T2VEval: t2v生成视频的基准数据集和客观评价方法

文本到视频（T2V）技术的最新进展，如Runway Gen-3、Pika、Sora和Kling等模型所证明的那样，大大拓宽了该技术的适用性和普及程度。这一进展导致对准确质量评估指标的需求不断增长，以评估ttv生成的视频的感知质量，并优化视频生成模型。然而，由于存在高度复杂的扭曲，例如违背人类认知的非自然行为和现象，评估文本到视频输出的质量仍然具有挑战性。为了解决这些挑战，我们构建了T2V eval - bench，这是一个用于文本到视频质量评估的多维基准数据集，其中包含由13个T2V模型生成的148个文本提示和1783个视频。为了保证评价的全面性，我们在主观实验中从整体印象、文字视频一致性、真实性和技术质量四个维度对每个视频进行打分。在T2VEval- bench的基础上，提出了T2VEval多分支融合的T2V质量评估方案。T2VEval从三个方面对视频进行评估：文本视频一致性、真实性和技术质量。使用基于注意力的融合模块，T2VEval有效地整合了每个分支的特征，并借助大型语言模型预测分数。此外，我们实施了分而治之的培训策略，使每个分支都能学习目标知识，同时保持与其他分支的协同作用。实验结果表明，T2VEval在多个指标上实现了最先进的性能。

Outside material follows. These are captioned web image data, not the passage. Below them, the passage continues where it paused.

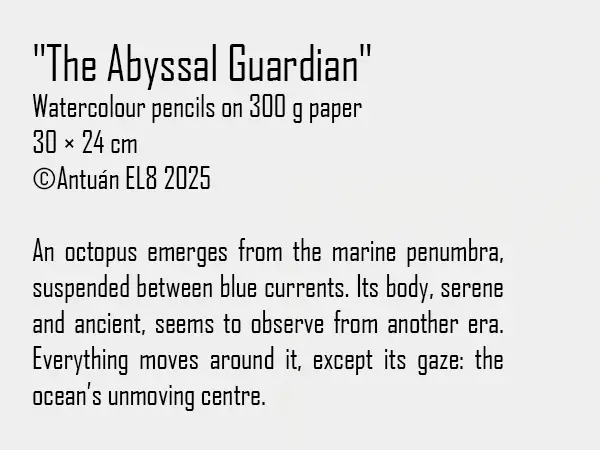 Artwork text and details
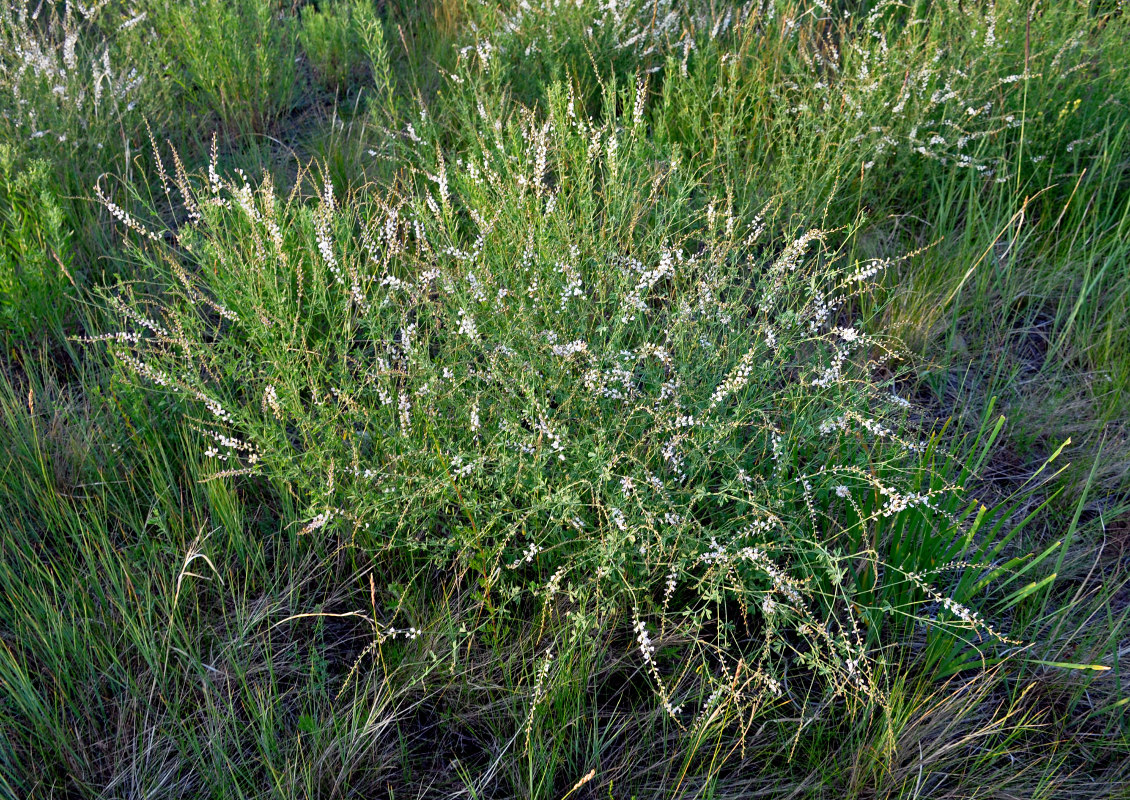 Изображение особи Astragalus melilotoides.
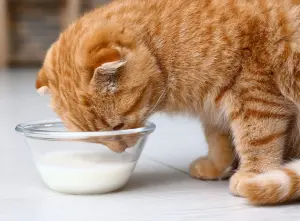 Рыжик пьет молоко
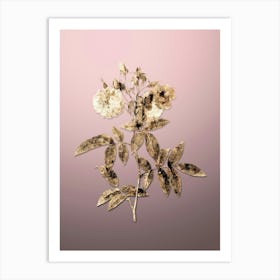 Gold Botanical Hudson Rose on Rose Quartz n.3242 Art Print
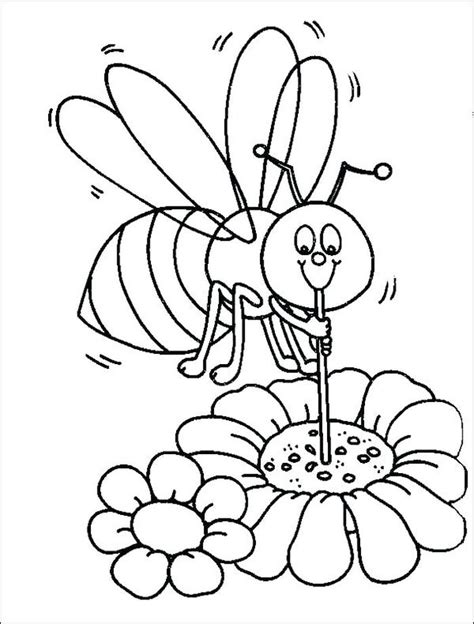 Kumpulan Gambar Mewarnai Lebah Serangga Penghasil Madu 5minvideoid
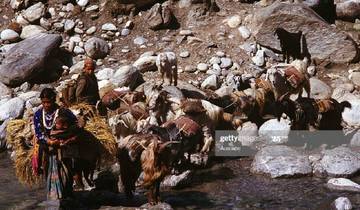 Limi Humla Valley Trek 20 Days 19 Night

本文章由计算机程序翻译，如有差异，请以英文原文为准。

求助全文

约1分钟内获得全文求助全文

来源期刊

Displays 工程技术-工程：电子与电气

CiteScore

4.60

自引率

25.60%

发文量

138

审稿时长

92 days

期刊介绍： Displays is the international journal covering the research and development of display technology, its effective presentation and perception of information, and applications and systems including display-human interface. Technical papers on practical developments in Displays technology provide an effective channel to promote greater understanding and cross-fertilization across the diverse disciplines of the Displays community. Original research papers solving ergonomics issues at the display-human interface advance effective presentation of information. Tutorial papers covering fundamentals intended for display technologies and human factor engineers new to the field will also occasionally featured.